Cord-cutters who want live TV can now watch American Horror Story, The Simpsons, and maybe even local Major League Baseball games for $20 a month. As long as they’re willing to give up SportsCenter.
Today Sling TV, the first major nationwide provider of live TV channels delivered over the Internet without a cable subscription, now has Fox. A new base TV package is available today, delivering the local Fox affiliate in 17 markets (Channel 5 in New York, for example) as well as the FX channel and Fox Sports. Anyone outside those markets loses the local affiliate, but can still watch Fox shows on-demand with a 24-hour delay. Depending on where you live you might also get access to another regional sports network, like YES in New York.

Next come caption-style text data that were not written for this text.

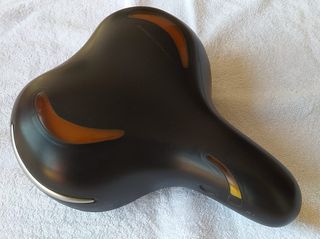 Sillín Selle Royal Gel Negro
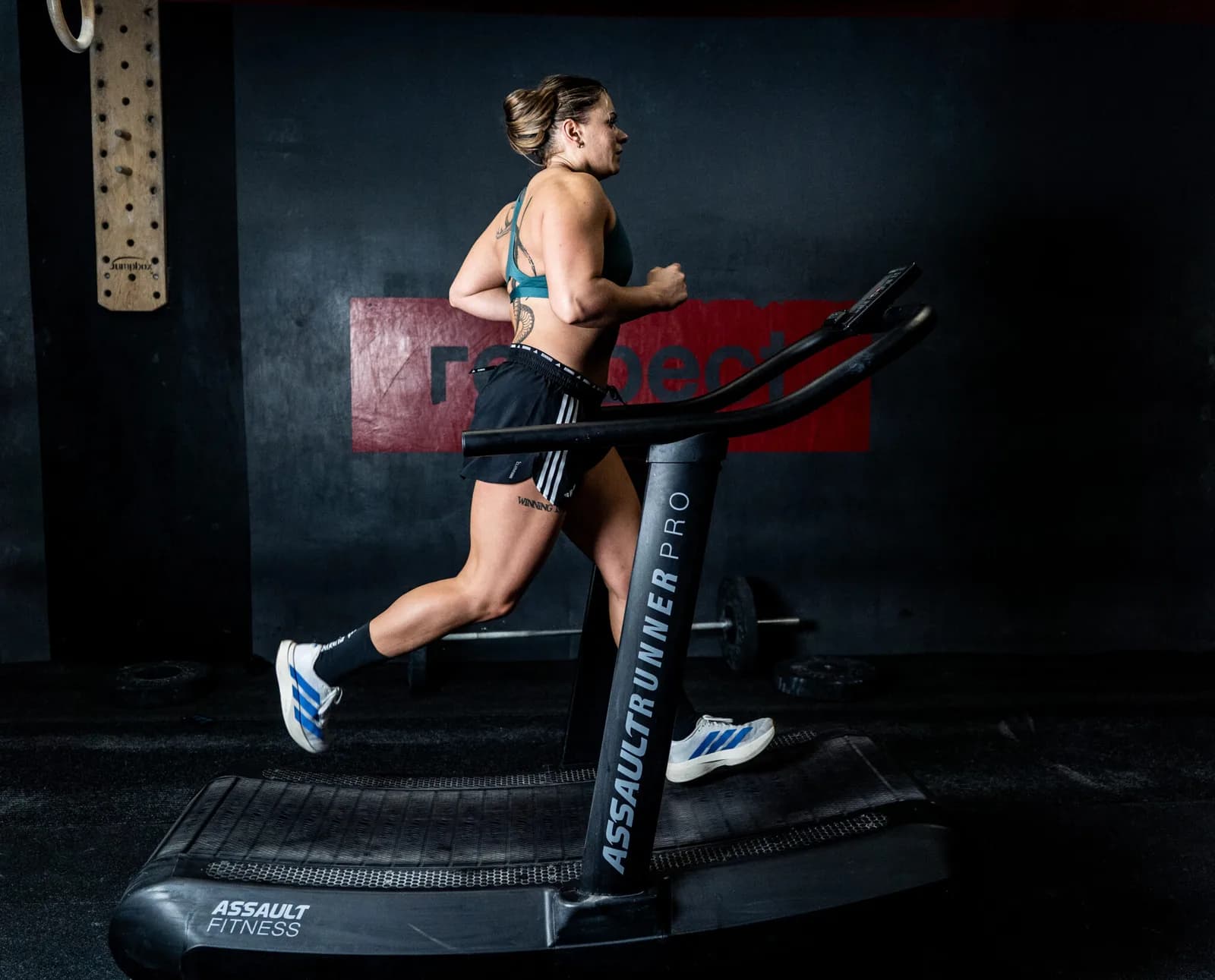 CrossFit Respect (Respect Zang Sport)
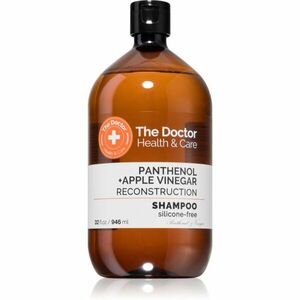 The Doctor Panthenol + Apple Vinegar Reconstruction megújító sampon pantenollal 946 ml kép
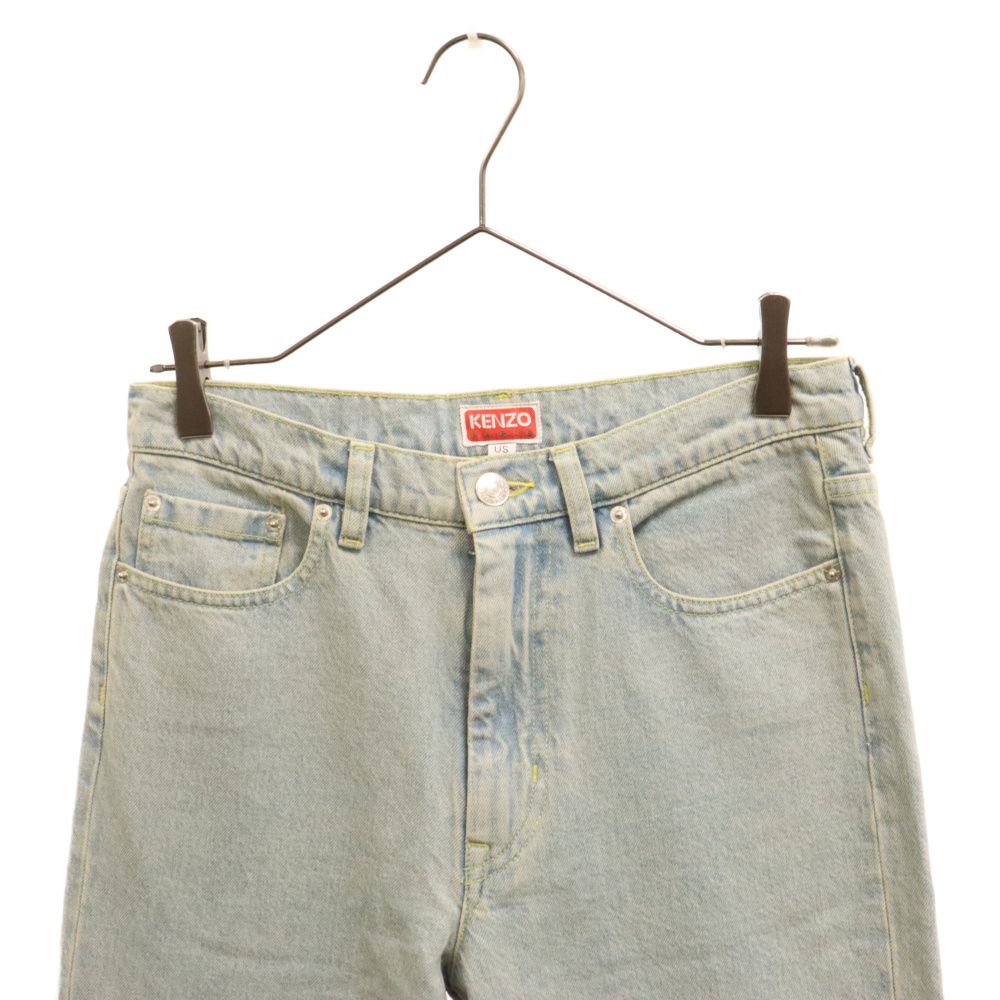 KENZO (ケンゾー) Boke Flower ボケ フラワー 刺繍 クレストリラックス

Just like Sling’s current base package, the new one costs $20 per month with no contract and the option to cancel or resume service anytime. The two packages also share numerous other channels, including A&E, AMC, CNN, Lifetime, TBS and TNT. Here’s a full channel breakdown (PDF).
In one crucial way the new package is even better: it allows you to stream to up to three devices at the same time. That means three family members, for example, could watch three different things on three different TVs using the same Sling TV account. Sling is calling the new package “Multi-Stream” as a result.
Want Fox and 3 streams? Sacrifice ESPN and Disney
The biggest disadvantage of the Multi-Stream package is that it lacks ESPN, ESPN2, The Disney Channel and Freeform (formerly ABC Family), all of which are available on the original Sling TV basic package. Subscribers who choose the Multi-Stream option also lose access to other Disney-owned channels available in Sling’s $5/month add-on packages, including ESPN News, ESPNU, Disney Junior, and Disney XD, as well as anything (beyond Univision) from its Spanish language packages.
Basically, Sling now offers two choices: ESPN with Single-Stream, or Fox with Multi-Stream. If you want both you’ll have to pay $40 per month for both packages, or choose an alternative service like PlayStaton Vue (which has all of those channels and more, as well as a DVR and support for multiple streams) or a traditional cable or satellite provider.
I tried the new Fox service briefly and it worked as advertised, streaming to three different devices and delivering both the Fox Sports channel and YES Yankees games. I was able to watch past episodes of the current season of The Simpsons, but unlike on the FX Now app I couldn’t watch every episode, ever. I was also not surprised to find I couldn’t pause or rewind live TV on any of the Fox channels or YES — most major Sling channels also have this restriction.